When I taught at Illinois, there was an anecdote about professorial pay I found quite telling. At one time Professor A was the highest paid member of the faculty. Professor B got an offer to move laterally to a slightly higher ranked school. In the course of negotiations with the then Illinois dean, Professor B was offered a very substantial raise, but the Dean then committed the faux pas of remarking that he couldn't go higher because Professor A had to remain the highest paid professor on the faculty. Professor B left Illinois for the other school. Supposedly it was not the dollars that mattered, but the way his relative status was rubbed in his face.
The anecdote is interesting because it raises the question of whether absolute or relative pay matters with respect to job satisfaction and so on. To be sure, the right answer is probably that both matter, but my guess is that relative pay matters more.
My guess was further informed by another anecdote from my Illinois days. Faculty salaries were quasi-public. That is, they were available to the public, but to get them you had to go to the main campus library and request to see the annual report from the reference desk. A certain faculty member would annually do so, photocopy the law school pages, and circulate them to the entire faculty. He seemed very unhappy with his relatively low pay given his relatively high seniority.

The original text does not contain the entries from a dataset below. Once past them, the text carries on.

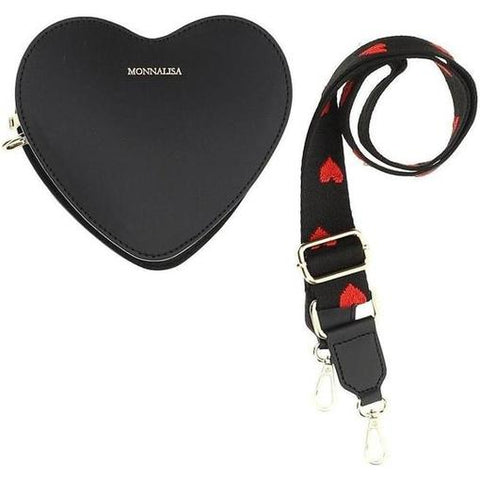 Monnalisa Girls Black & Red Heart Bag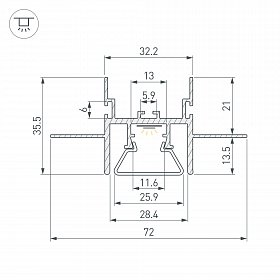 Профиль с экраном STRETCH-CEIL-CENTER-S-1000 (Arlight, Алюминий)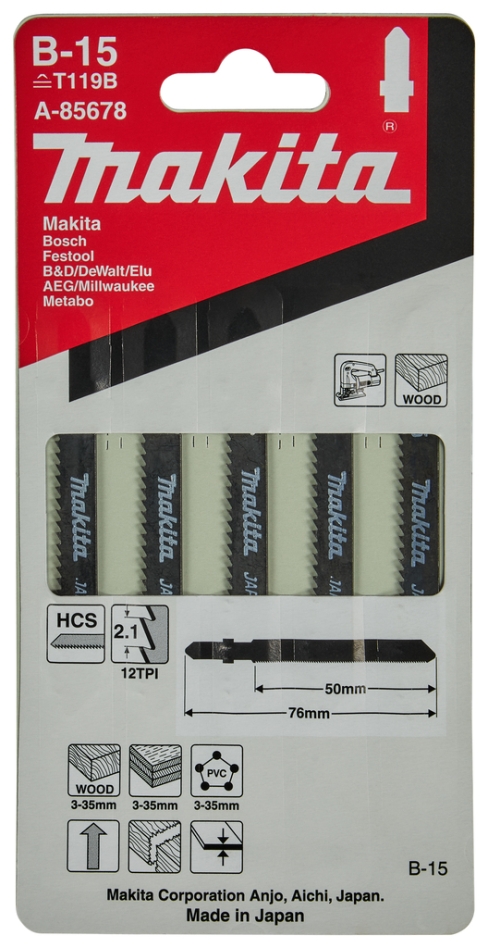 Makita Tilbehør A-85678 Stiksavklinge B15 5 dele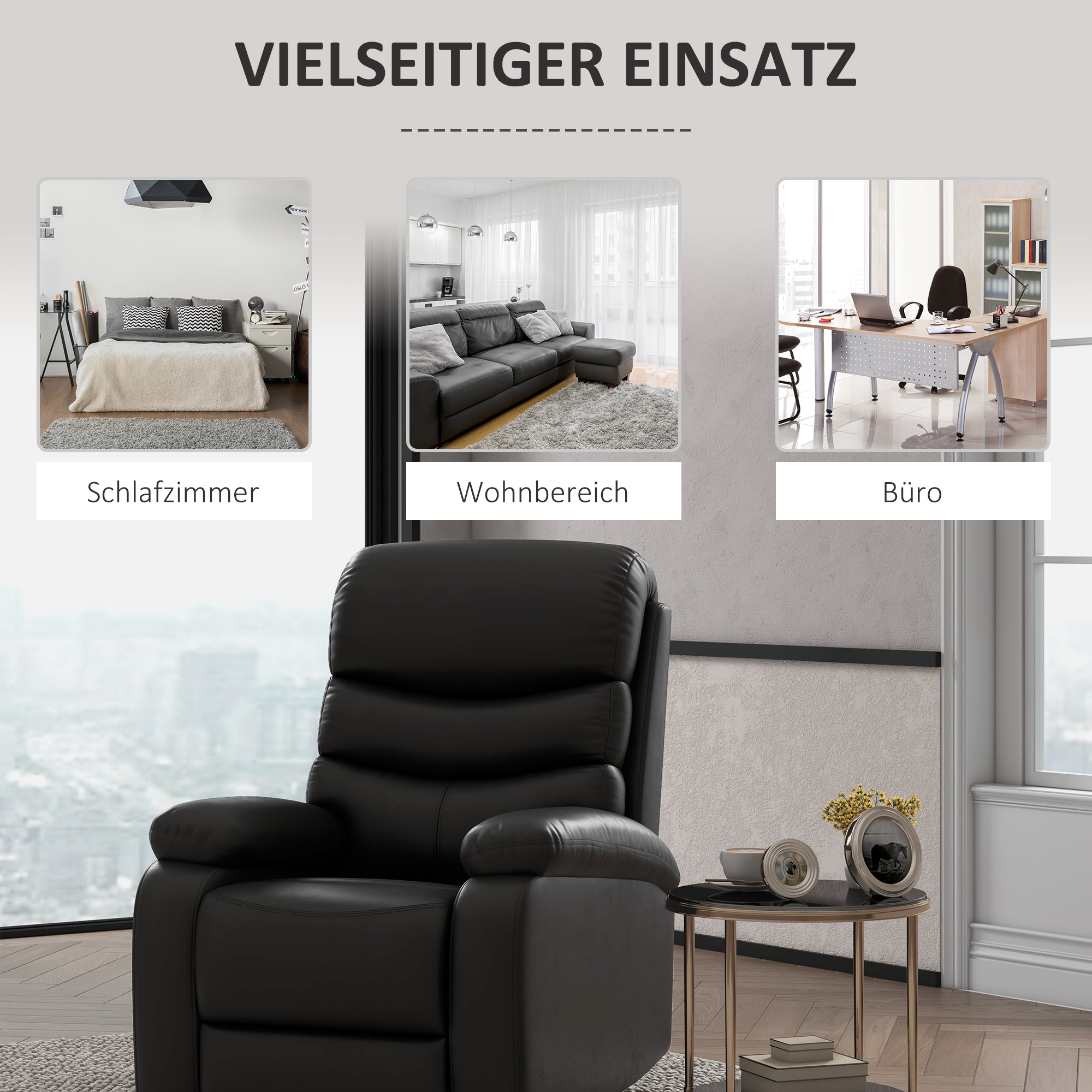 HOMCOM Relaxsessel Liegesessel, Liegefunktion, inkl. Fußstütze, 78 cm x 90 cm x 105 cm, Schwarz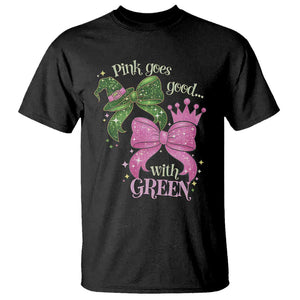 Green and Pink Coquette Bow T Shirt Pink Goes Good With Green TS02 Black Print Your Wear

There now seems to be some empirical evidence for the proposition that relative pay matters. A group of UC economists have posted to SSRN.com a paper entitled Inequality at Work: The Effect of Peer Salaries on Job Satisfaction:
Economists have long speculated that individuals care about both their absolute income and their income relative to others. We use a simple theoretical framework and a randomized manipulation of access to information on peers' wages to provide new evidence on the effects of relative pay on individual utility. A randomly chosen subset of employees of the University of California was informed about a new website listing the pay of all University employees. All employees were then surveyed about their job satisfaction and job search intentions. Our information treatment doubles the fraction of employees using the website, with the vast majority of new users accessing data on the pay of colleagues in their own department. We find an asymmetric response to the information treatment: workers with salaries below the median for their pay unit and occupation report lower pay and job satisfaction, while those earning above the median report no higher satisfaction. Likewise, below-median earners report a significant increase in the likelihood of looking for a new job, while above-median earners are unaffected. Our findings indicate that utility depends directly on relative pay comparisons, and that this relationship is non-linear.
The result is only partially consistent with my intuition. The idea that folks at the bottom of the relative pay scale are going to be unhappy is not surprising, of course. We all think we reside in Lake Wobegon, after all.
The apparent result that those above the median get no utility from being at the top end of the scale is somewhat surprising. Are the study's subjects all such good people that they get no utility from being better paid than their co-workers? This seems especially puzzling when one considers that UC faculty pay has a strong merit component, which means promotions have status symbol value. Indeed, money is pretty much the only counter academics have for measuring their success at competing for status. Being more highly paid thus means, at least to some extent, that you're more highly prized. And that ought to make one feel good. Right? (Which is why, of course, that money is the root of all evil.)
The full study is behind the NBER pay wall, so I haven't checked it out yet, but maybe the answer is that you have to be at the very top top to get utility from relative pay status.
So I wonder if Professor A was happy when B left?